Traditionally, there are two types of approaches used to investigate gas-transient flow: one involves treating gas as ideal gas so that the ideal gas law can be applied and the other considers gas as real gas, allowing the gas compressibility factor to come into play. Needless to say, the former method can result in an analytical solution to gas transient flow with a deviation from the real-gas performance, which is very crucial in daily operation. The latter approach requires a numerical method to solve the governing equation, leading to instability issues with a more-accurate result. Our literature review indicated that no study considering the effect of changing gas viscosity on the transient flow was available; therefore, this effect was included in our study.
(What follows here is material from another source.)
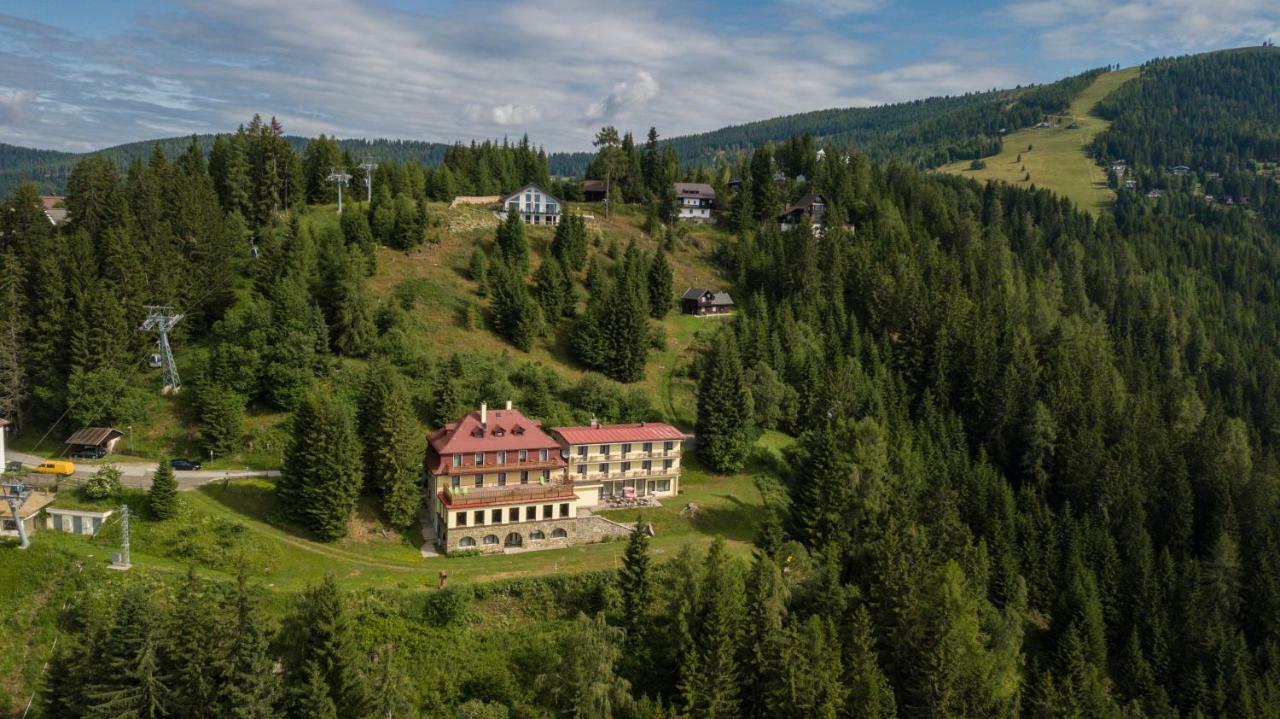 Hotel Alpinum Treffen Ngoại thất bức ảnh
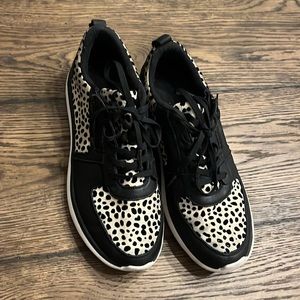 Vionic size 9 black and white shoes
Our investigation showed that viscosity does have a significant influence on gas-transient flow in pipe- and tank-leakage evaluation. In this study, a comprehensive evaluation of all variables was performed to determine the most-important factors in the gas-transient flow. Several case studies were used to illustrate the significance of this study. Engineers can perform a more-reliable evaluation of gas transient flow by following the method we used in our study.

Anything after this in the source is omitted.